Here at We ❤️ Health Literacy HQ, we’re proud to be an LGBTQ+-owned organization — and we always look forward to Pride Month, which kicked off last week! Pride is all about acceptance, equity, celebrating the work of LGBTQ+ people, and raising awareness of issues that affect LGBTQ+ communities.
And as you doubtless know, dear readers, we’ve been thinking a lot lately about inclusive, respectful language — and what that means for health communicators like us. So we thought this was a great time to bring you a very simple — but very important — tip about gender pronouns.
Ever heard a person ask about someone’s “preferred pronouns”? Or maybe you’ve asked that yourself — many of us have. As a health comm professional, you may have even written “preferred pronouns” in a survey or some other health-related form collecting personal information. And while this is probably almost always well-intentioned — and is certainly an improvement from assuming we know someone’s pronouns based on how they look — it still presents a problem.
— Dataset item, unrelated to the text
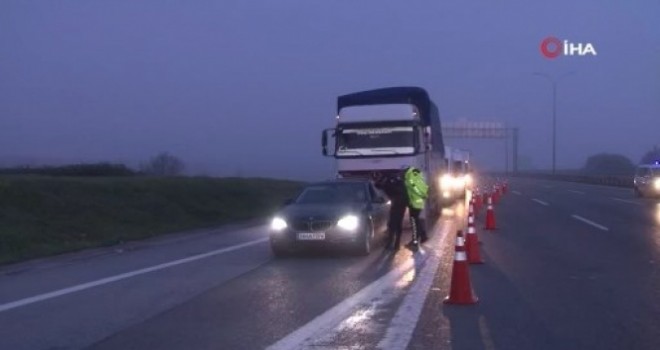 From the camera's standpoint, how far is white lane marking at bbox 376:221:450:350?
30.7 ft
It’s the “preferred” that’s the issue here. Introducing “preferred” to this equation basically implies that using the correct pronouns to talk about someone is optional — a matter of preference. Think about it: Generally speaking, even if you prefer one thing, you’re likely still okay with an alternative (“I like plain coffee, but I prefer my coffee with milk”).
Part of a person’s actual identity is simply not on the same level as your morning caffeine choice. There’s nothing “preferred” about it. Someone’s pronouns are, factually, their pronouns — and using them correctly demonstrates respect for that person.
So save your questions about “preference” for true matters of, you know, preference! Keep it simple by asking, “What are your pronouns?”
We know we don’t have to tell you, dear readers, but words are tremendously powerful. And in our line of work, we have a real responsibility to communicate health information with empathy. Dropping the loaded qualifier from “preferred pronouns” is one small step we can take to do better.
The bottom line: A person’s identity is not a preference. When you’re asking or writing about pronouns, drop the “preferred.”